Unique integer generation in distributed systems
By João Reis, Senior Software Engineer — .NET
This post was originally published on our F-Tech Blog. Come check it out here :-)
The path to a geo-distributed platform
When we started designing a solution that would put us on the path to becoming a truly geo-distributed platform, one of the main blockers we encountered was the dependency of ‘IDENTITY’ columns in SQL Server databases. Several services with such dependency would eventually have to move its persistence layer to a multi-datacenter Apache Cassandra database instead of the current (at that time) single-datacenter SQL Server database.
Moving from SQL Server to Apache Cassandra
Replacing a database that follows a Master-Slave architecture with one that follows a masterless ring design poses several challenges. One of these challenges is the integer identifier generation process.

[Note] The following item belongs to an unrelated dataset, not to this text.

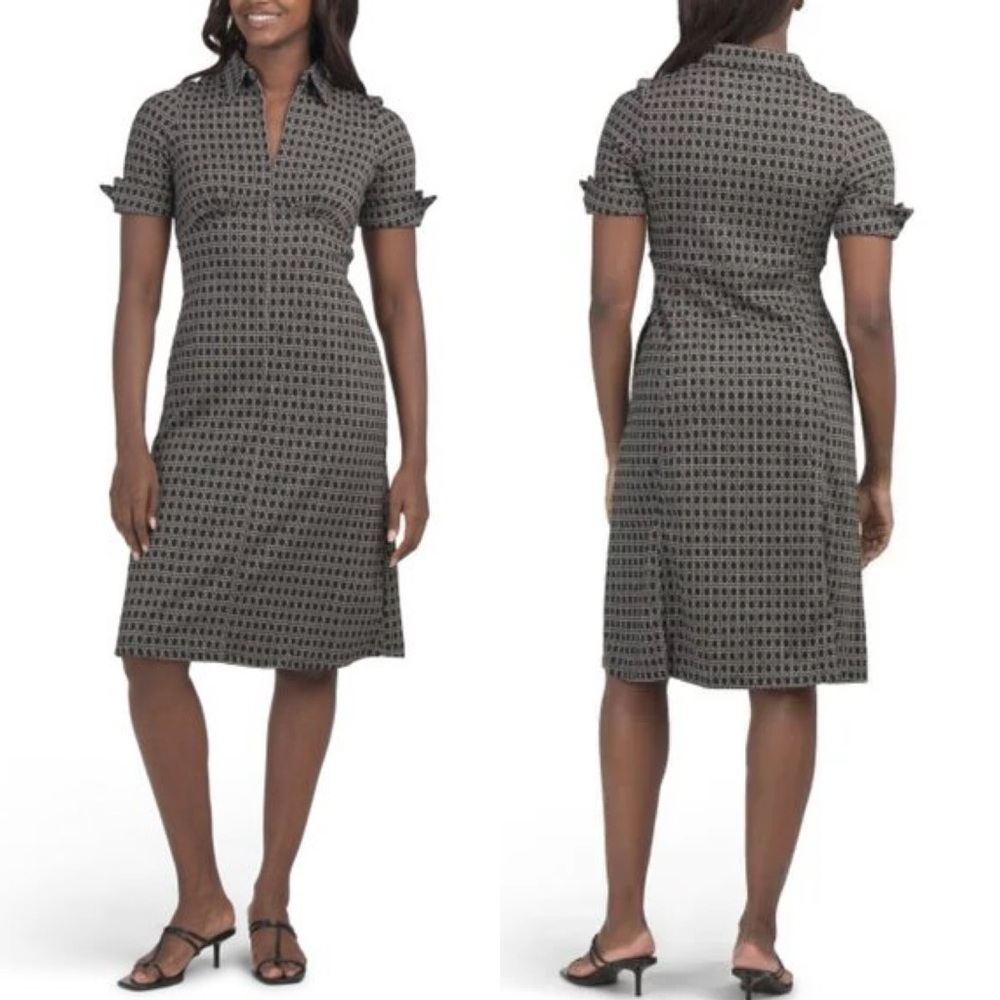 Max Studio Patterned Collared Midi Dress Black Wh… - image 1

How can we generate an integer identifier using a masterless distributed NoSQL database like Cassandra? The most common approach to this problem is to either:
- Drop integer identifiers and just move to UUIDs.

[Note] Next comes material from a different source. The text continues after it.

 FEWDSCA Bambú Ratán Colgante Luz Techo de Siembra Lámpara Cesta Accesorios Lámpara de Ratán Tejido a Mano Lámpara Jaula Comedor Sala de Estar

- Use Twitter Snowflake or a similar algorithm (explained in more detail in the next section).
Replacing integers with UUIDs
UUIDs are a dream come true for anyone that needs to generate an identifier in a completely distributed way. Unfortunately, moving every single integer identifier to UUID would be a nightmare and would make us break the existing platform’s API contracts. Our clients would not be happy to know that we would simply stop supporting every endpoint in our API that depends on a generated integer identifier!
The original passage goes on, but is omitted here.